Сразу можно сказать, что уже одно известие о даре языков, явившемся первым следствием сошествия Святого Духа на апостолов, безусловно, предполагает, что на всяком языке может и должно быть проповедано Евангелие, из чего следует и не менее безусловная возможность совершения богослужения на этом языке. Но это известие ничего не говорит нам о том, как связаны между собой язык проповеди и внутреннее устроение церковного организма. Чтобы понять это, нам надо обратиться прежде всего к церковной истории, которая представляет собой основу священной истории мира, и в силу этого также является источником для богословских заключений.
Несомненно, что успеху апостольской проповеди немало послужил не только дар языков, но и единство языкового пространства Империи. Это единство основывалось на повсеместном распространении двух языков: греческого, как языка культурного общения, и латыни, как языка государственного в прямом смысле этого слова, языка государственных и правовых актов. Харизматический дар языков сделал понятной апостольскую речь парфянам, мидянам, еламитам, жителям Месопотамии, Иудеи и Каппадокии, Понта и Асии, Фригии и Памфилии, Египта и Ливии, и иным (Дн. 2:9-10), но у нас нет никаких данных, позволяющих говорить о том, что и богослужение совершалось в первенствующей Церкви на языках названных народов. Даже латинский мир в первые века пользовался для этого греческим. Конечно, всегда существует вероятность того, что нашим знаниям о прошедших веках не хватает чего-то самого главного, без чего общая картина будет не верна. Но достаточную пищу для размышлений дает уже и позднейшая, и лучше известная нам история латиноязычной традиции в ее сравнении с традицией грекоязычной.
По справедливому замечанию известного голландского историка культуры Й. Хёйзинги, хотя разницу этих традиций принято определять оппозицией Запад – Восток, совсем не так просто установить, что реально стоит за ней и когда она на самом деле возникла.
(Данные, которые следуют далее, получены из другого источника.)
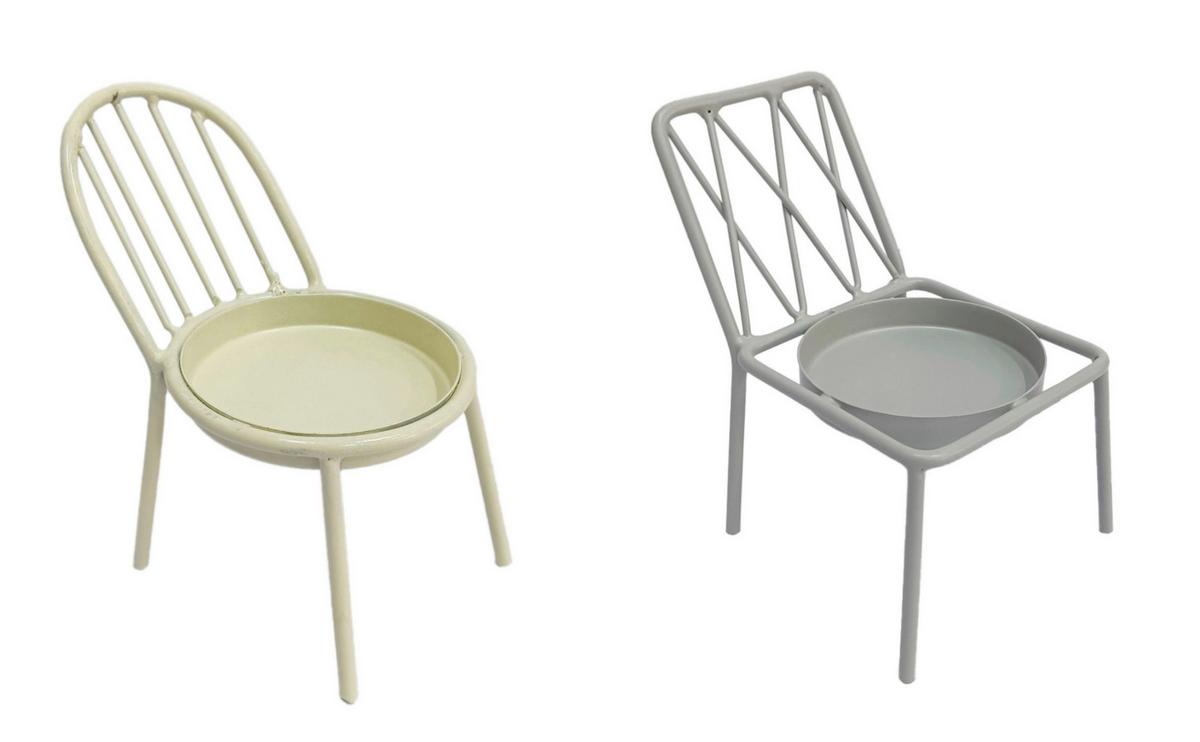 Kerzenhalter Elif - Creme/Grau, MODERN, Metall - Luca Bessoni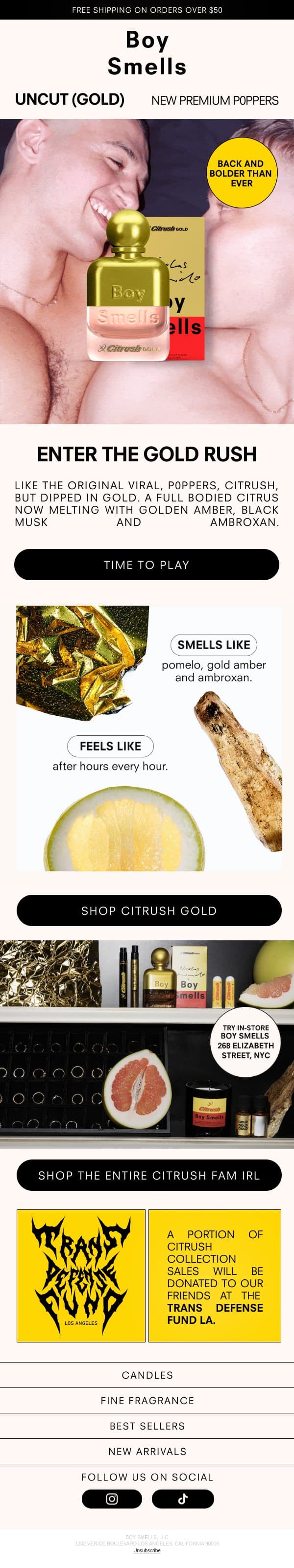 ENTER THE GOLD RUSH ✨ email from Boy Smells screenshot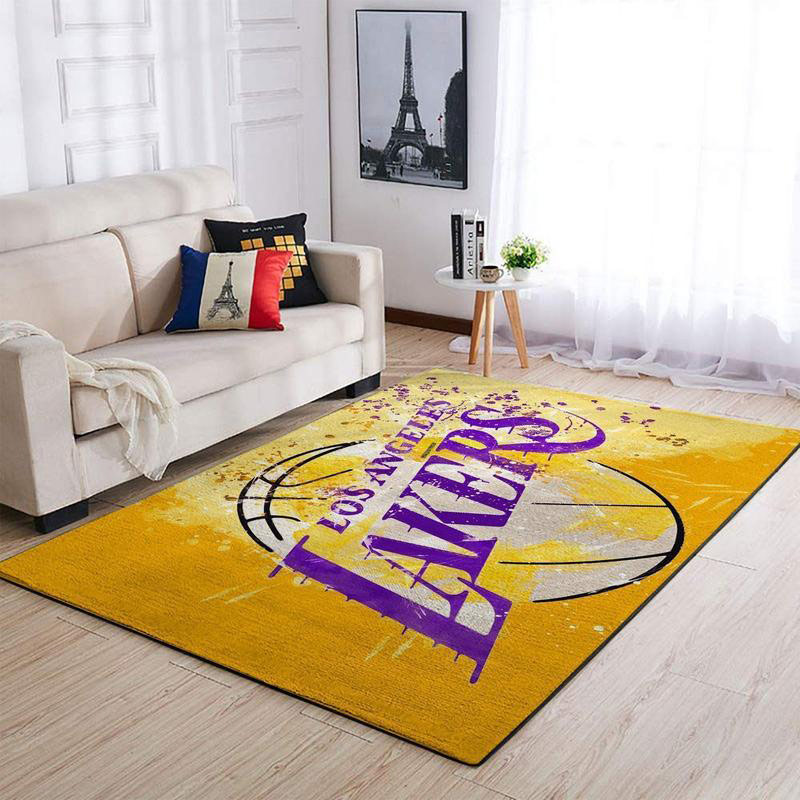Los Angeles Lakers Area Rug NBA Area Rug Kitchen Rug Indoor Indoor Rug Rectangle Carpet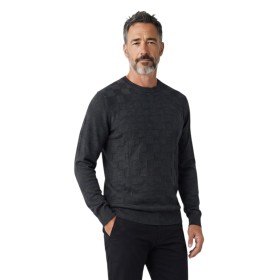 Pull col rond uni effet damier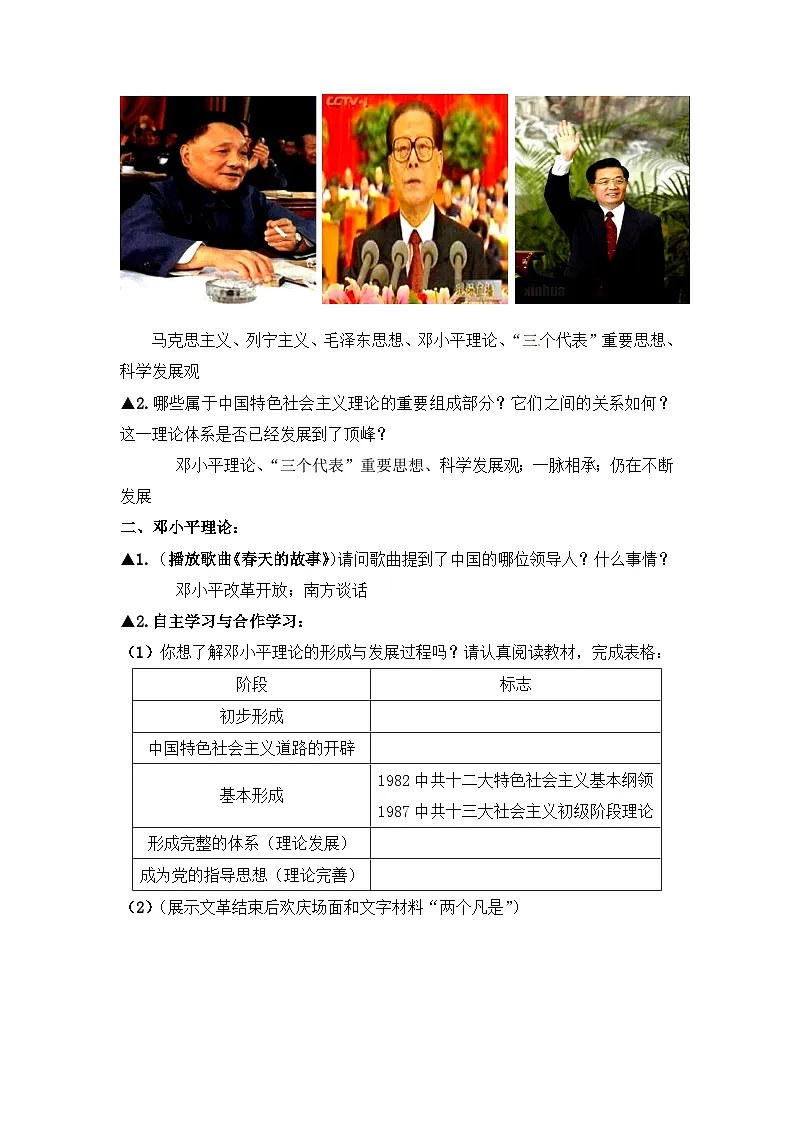 人民版高中历史必修3 4-3《建设中国特色社会主义理论》教案第3页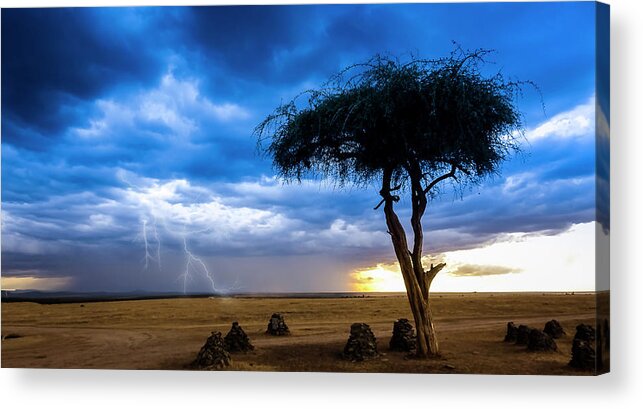 2019-04-11 Acrylic Print featuring the photograph Thunderstorm Over Ol-Pejeta by Phil And Karen Rispin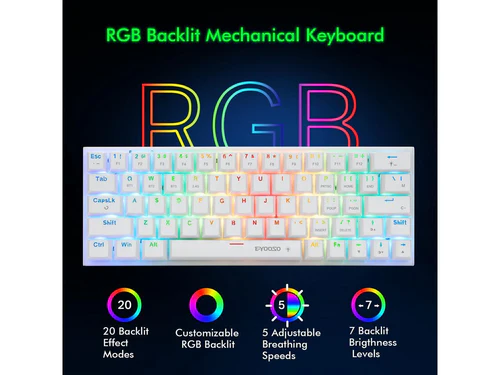 Tastiere Mekanike E-YOOSO Z-11 Tri-Mode RGB Red Switch – White thumbnail 2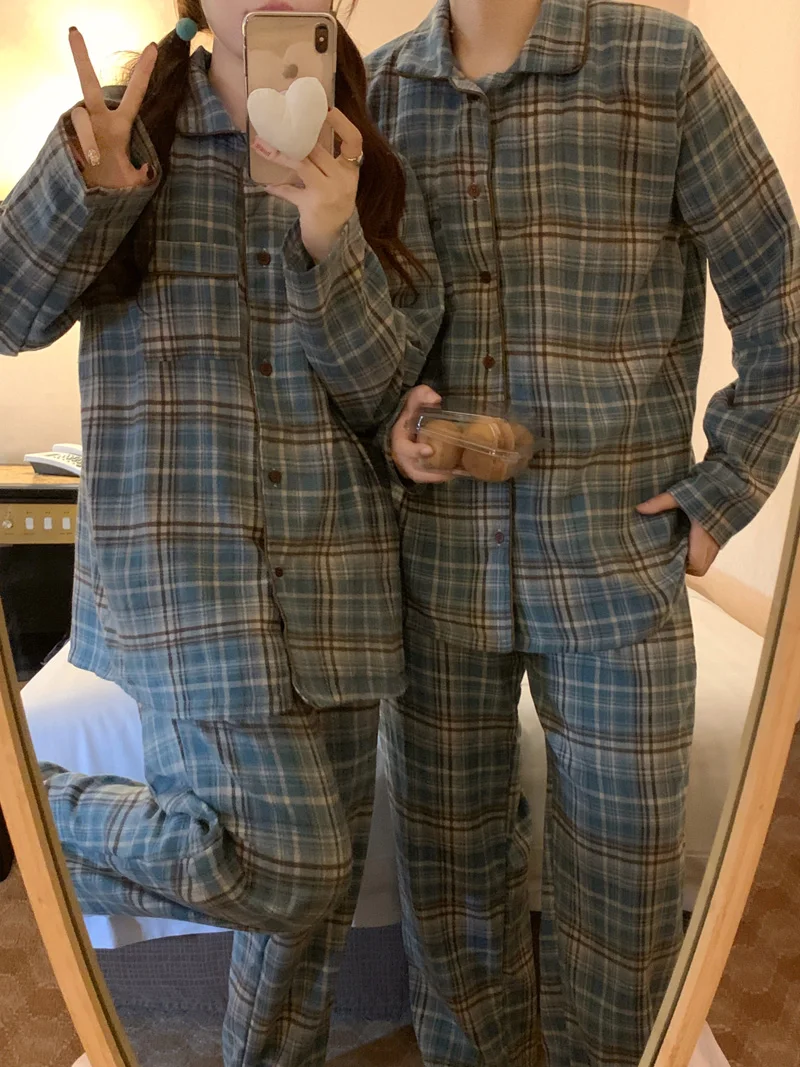 Vintage Plaid Autumn Home Suit Women Single Breasted Shirts + Trousers Cotton Casual Harajuku Pajamas Set Pocket Home Suit Blue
Ее, судя по всему, не знал дохристианский мир, во всяком случае «в период перехода от Республики к Империи, – пишет Хёйзинга, – Римская Держава уже теряет характер типично западного государства. Менее чем когда-либо древний мир под властью Римской империи определяется противопоставлением Востока и Запада»[1]. И даже перенесение спустя несколько столетий императором Константином столицы на Босфор еще не подразумевало под собой «решительное разделение между Востоком и Западом… Мир поздней Античности и после этого оставался таким, каким он был: пестрым и разносторонним многообразием правовых обычаев и культур, никогда уже не повторявшейся в более поздние времена смесью Запада и Востока, объединенных верховной властью Римской империи»[2]. И даже такой крупнейший представитель византийской – а значит, в нашем представлении, восточной – традиции, как император Юстиниан, все еще предпочитал кодифицировать имперское право на латыни, и таким образом на ментальном уровне вовсе не переживал эту оппозицию, как значимую.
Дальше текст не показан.